Но в этой литературной аналогии с газетным листом, мне кажется, есть еще один смысл. Газета. Во времена Сомерсета Моэма газета была единственным источником информации. И люди, читающие, волей-неволей растекались мыслью по броским заголовкам новостей, а потом и ползали этой же плоской мыслью по текстам, переворачивая газету с первой полосы на вторую и так далее. Залипая на каждом новом тексте. И в этом смысле мы тоже плоскатики. Вместо того, чтобы заниматься главным — Богомыслием, ползаем по глобусу информационного шума, который так устроен, что схватив однажды, уже не отпускает. Не знаю, как у вас, но у меня иногда возникают «фантомные радости» от тех редких периодов жизни, когда я не ползал по глобусу как плоскатик, а жил полнокровно и радостно, отбросив все лишнее. Например, испытал я на днях «фантомную радость» от того, что закрыл все свои социальные сети. Скоро по утрам начну ходить под свою любимую «Арку Тишины» — пустырь за домом. Надышусь, поведаю. Пока не свобода. Освобождение из степеней несвободы. Свобода впереди.

«Молчание — лучше и удивительнее всех повествований»

Преподобный Варсонофий Великий.

О каком молчании писал святой? Только ли о молчании языком?

Воронежская старица советовала духовной дочери «камушек за щеку положить» и молчать. А если кто из окружения домогаться с расспросами станет, ткнуть пальцем в «распухшую» щеку и притвориться болящей флюсом. «А это не будет ложью, матушка?» — Спрашивали у нее. «Нет, не будет», — отвечала она. — «Потому что делается это во имя спасения души». Но всегда ли спасительно молчание? Смотря, какое. Преподобный Варсонофий был великим подвижником, он писал о молчании самой мыслью, не то, что языком. А молчание мыслью — это древняя исихастская традиция Афона. Если молчание языком является следствием молчания мыслью, такая Тишина достойна уважения.

Любой психолог скажет, что молчание связано с накоплением энергии. Вряд ли кто-то из ученых сегодня оспорит: мысль и слово несут энергию. Индийские йоги считали, что прежде чем пускаться на поиски смыслов, необходимо научиться молчать.

Закон сохранения энергии: если разбрызгивать мысли и слова, они потеряют присущую силу. Может быть, поэтому еще православные святые советуют меньше пустословить. Грех — это ранки, которые мы сами себе наносим. Болтливость без ума — это даже не ранка, а большая рана. Не зря в перечне грехов на исповедях встречается чаще остальных грехов.

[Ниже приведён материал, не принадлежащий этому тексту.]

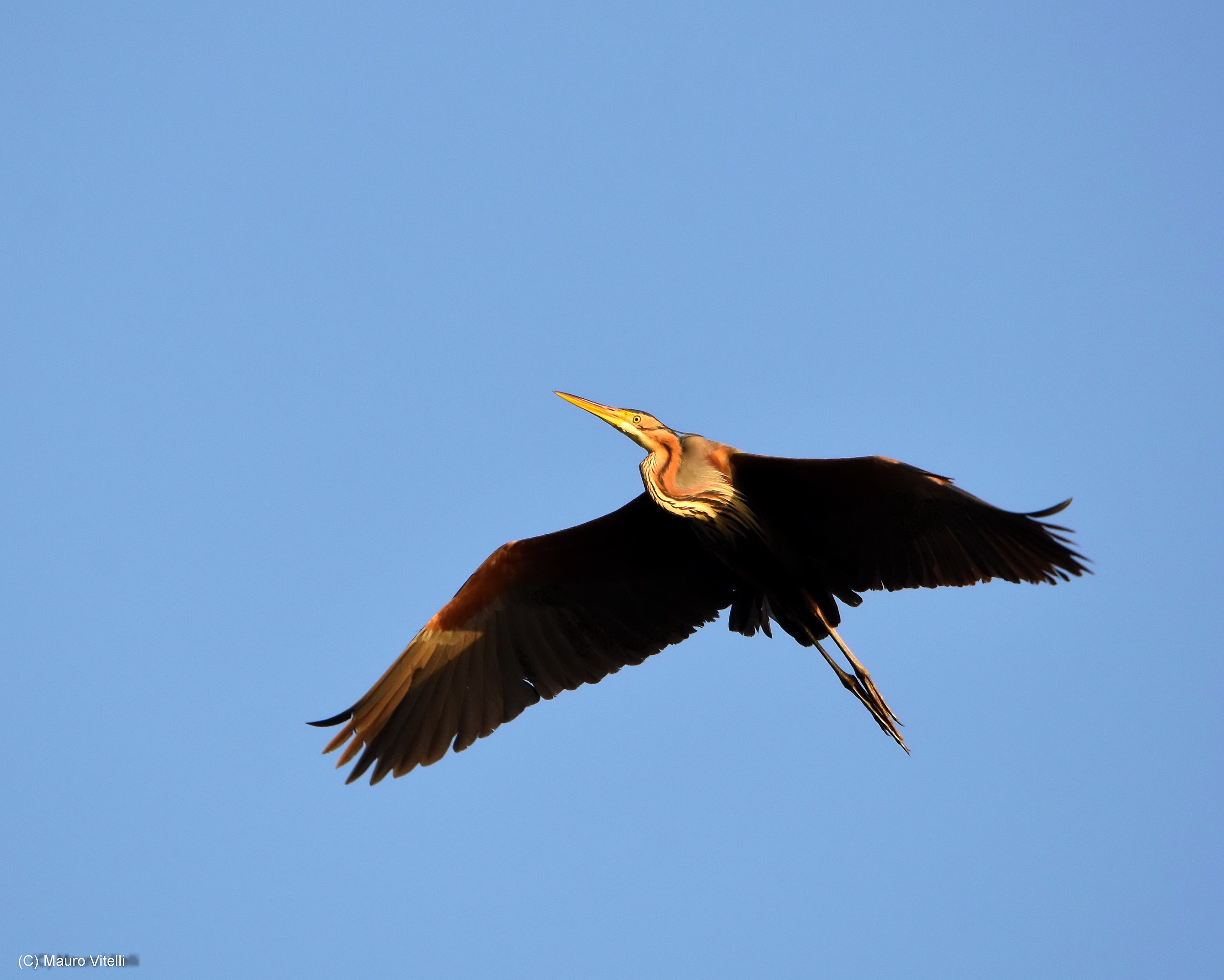purple heron in flight (return)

Но и молчание молчанию рознь.

Если молчание происходит от мысли очистить душу от «благоприобретенной» мути, слава Богу. Это значит, что слова, сказанные позже этим человеком, будут нести положительный заряд. А если молчание сопровождается внутренним диссонансом, раздражением, вынашиванием мести или злобы, бойтесь такого молчуна. От него можно ожидать всего, только не слов с положительным зарядом.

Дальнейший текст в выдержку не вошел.